- **Task instructions**
Begin with the line containing "Fodera , 52" and copy every line after it to the end of the entries, exactly, leaving out the lines before it.

Start of Source data

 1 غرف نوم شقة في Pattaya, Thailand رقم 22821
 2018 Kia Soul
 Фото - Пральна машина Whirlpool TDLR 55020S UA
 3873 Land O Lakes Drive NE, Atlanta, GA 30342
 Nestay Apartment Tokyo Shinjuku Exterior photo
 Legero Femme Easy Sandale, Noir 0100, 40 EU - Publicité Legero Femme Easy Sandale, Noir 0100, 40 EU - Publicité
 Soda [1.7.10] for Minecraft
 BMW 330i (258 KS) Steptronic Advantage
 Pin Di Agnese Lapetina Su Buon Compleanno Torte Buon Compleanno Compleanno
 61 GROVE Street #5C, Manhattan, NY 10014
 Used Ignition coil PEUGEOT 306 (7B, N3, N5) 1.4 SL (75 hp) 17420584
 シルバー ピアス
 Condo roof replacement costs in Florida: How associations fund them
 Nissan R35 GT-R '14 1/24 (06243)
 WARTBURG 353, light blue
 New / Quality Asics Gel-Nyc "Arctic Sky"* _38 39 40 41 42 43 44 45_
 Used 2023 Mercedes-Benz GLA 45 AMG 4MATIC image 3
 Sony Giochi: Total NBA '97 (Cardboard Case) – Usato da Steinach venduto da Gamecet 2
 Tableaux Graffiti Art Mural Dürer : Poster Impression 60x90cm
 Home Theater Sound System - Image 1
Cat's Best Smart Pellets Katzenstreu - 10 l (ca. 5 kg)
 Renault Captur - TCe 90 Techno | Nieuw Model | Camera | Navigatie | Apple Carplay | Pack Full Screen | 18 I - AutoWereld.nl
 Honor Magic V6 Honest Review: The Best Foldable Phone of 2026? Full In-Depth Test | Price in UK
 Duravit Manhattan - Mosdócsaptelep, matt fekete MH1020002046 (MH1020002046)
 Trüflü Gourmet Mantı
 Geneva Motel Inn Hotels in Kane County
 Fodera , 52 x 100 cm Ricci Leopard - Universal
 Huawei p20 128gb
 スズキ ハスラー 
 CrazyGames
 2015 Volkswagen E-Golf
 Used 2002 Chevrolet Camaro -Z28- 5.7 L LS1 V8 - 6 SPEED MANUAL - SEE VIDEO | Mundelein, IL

End of Source data

- **Final answer**
 Fodera , 52 x 100 cm Ricci Leopard - Universal
 Huawei p20 128gb
 スズキ ハスラー 
 CrazyGames
 2015 Volkswagen E-Golf
 Used 2002 Chevrolet Camaro -Z28- 5.7 L LS1 V8 - 6 SPEED MANUAL - SEE VIDEO | Mundelein, IL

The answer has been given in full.